Получеловек был тяжело ранен пулей Паркера, но, когда мы вернулись к хижине, он исчез. Его след вел на север, и Паркер какое-то время шел за ним, а потом вернулся. Получеловек ранен в шею и вряд ли долго протянет. К северу от озера нет ничего, кроме снега и льда.
— Пусть о нем позаботятся волки, — только и сказал Паркер.
Мы завернули Дональда и Нипапаниса в меха; для отца Алек нашел оленью шкуру, что казалось ему очень важным. Дональда мы завернули в лису и куницу: мягко и тепло. Паркер связал самые ценные шкуры и погрузил в сани. У Жаме есть сын: это для него. Для Элизабет и ее семьи. Я полагаю, что за остальными Паркер когда-нибудь вернется. Я не спрашиваю. Он не говорит.
Все это мы успели до полудня.
А теперь мы возвращаемся в Ганновер-Хаус. Собаки тянут сани с лежащими на них трупами. Алек идет рядом с санями. Паркер правит собаками, а я иду рядом с ним. Мы держимся наших же следов и следов наших преследователей, глубоко отпечатавшихся в снегу. Я обнаруживаю, что, сама того не сознавая, научилась читать следы. Всякий раз, когда я вижу отпечаток, в котором признаю свой собственный, я ступаю на него, чтобы стереть с лица земли. Эта страна испещрена такими отметинами: слабыми следами человеческих вожделений. Но наши следы, как и эта горькая стезя, недолговечны, укутаны зимой, и когда снова повалит снег или с весенней оттепелью, исчезнут все свидетельства нашего похода.
Тем не менее три цепочки следов пережили тех, кто их оставил.
В какой-то момент я вспоминаю о костяной табличке и понимаю, что потеряла ее. Когда я выходила из Ганновер-Хауса, она лежала у меня в кармане, а теперь ее нет. Я говорю об этом Паркеру, он пожимает плечами. Он говорит, что если она так существенна, то найдется снова. И в некотором смысле — хотя мне неудобно перед бедным мистером Стерроком, который, похоже, страстно ее вожделел, — я рада, что у меня нет того, чего так жаждут другие люди. От подобного добра ничего хорошего ждать не приходится.
Я, конечно, думаю о Паркере, я вижу его во сне. И насколько я понимаю, он думает обо мне. Но мы — проблема, не имеющая решения.
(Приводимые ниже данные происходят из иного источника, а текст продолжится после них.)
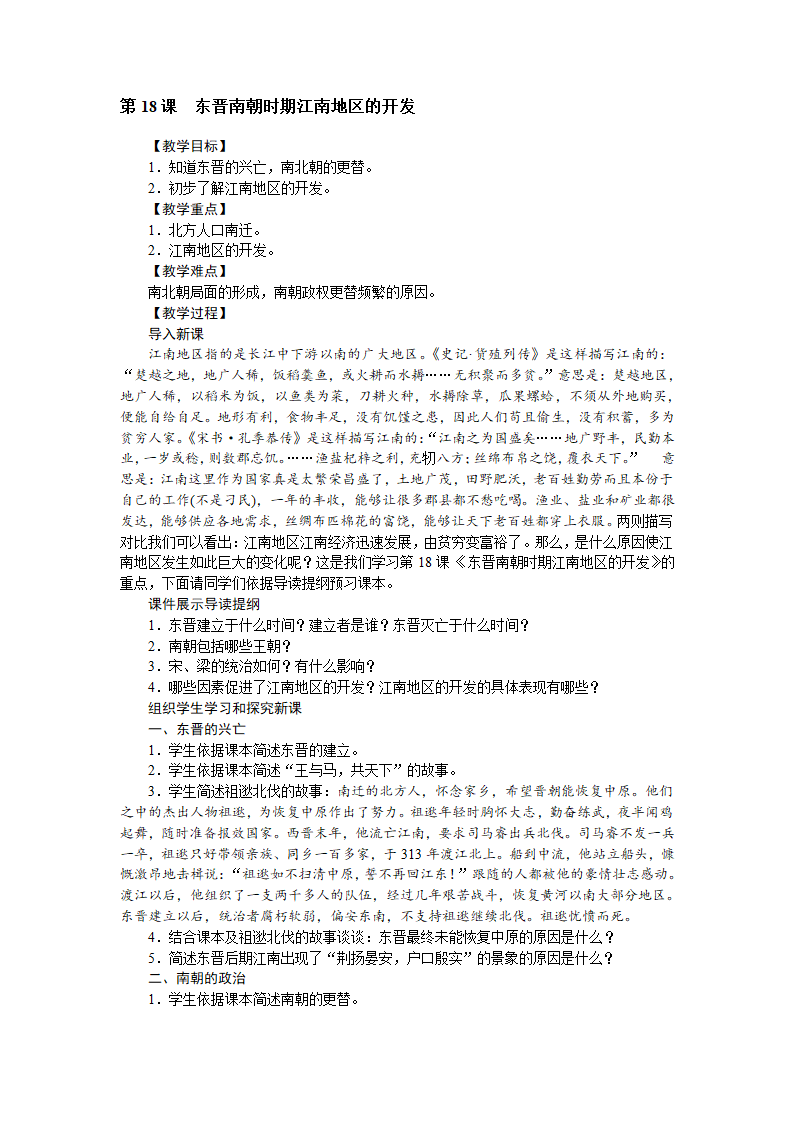 人教版七年级历史上册教案第18课 东晋南朝时期江南地区的开发.doc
После всех этих ужасов мы не сможем продолжать как прежде — а если честно, никогда бы и не смогли.
И все же всякий раз, когда мы останавливаемся, я не могу отвести глаз от его лица. Перспектива расстаться с ним — словно перспектива лишиться зрения. Я думаю обо всем, кем он был для меня: чужаком, беглецом, проводником.
Любовью. Магнитом. Моим истинным севером. Я всегда обращена к нему.
Он доведет меня до Химмельвангера и пойдет дальше — туда, откуда пришел. Я не знаю, женат ли он; полагаю, что да. Я не спрашивала и не собираюсь. Я не знаю о нем почти ничего. А он — он даже не знает моего имени.
Иные вещи способны вас рассмешить, если вы склонны посмеяться. Я думаю об этом, а через некоторое время ко мне обращается Паркер. Алек на несколько шагов впереди.
— Миссис Росс?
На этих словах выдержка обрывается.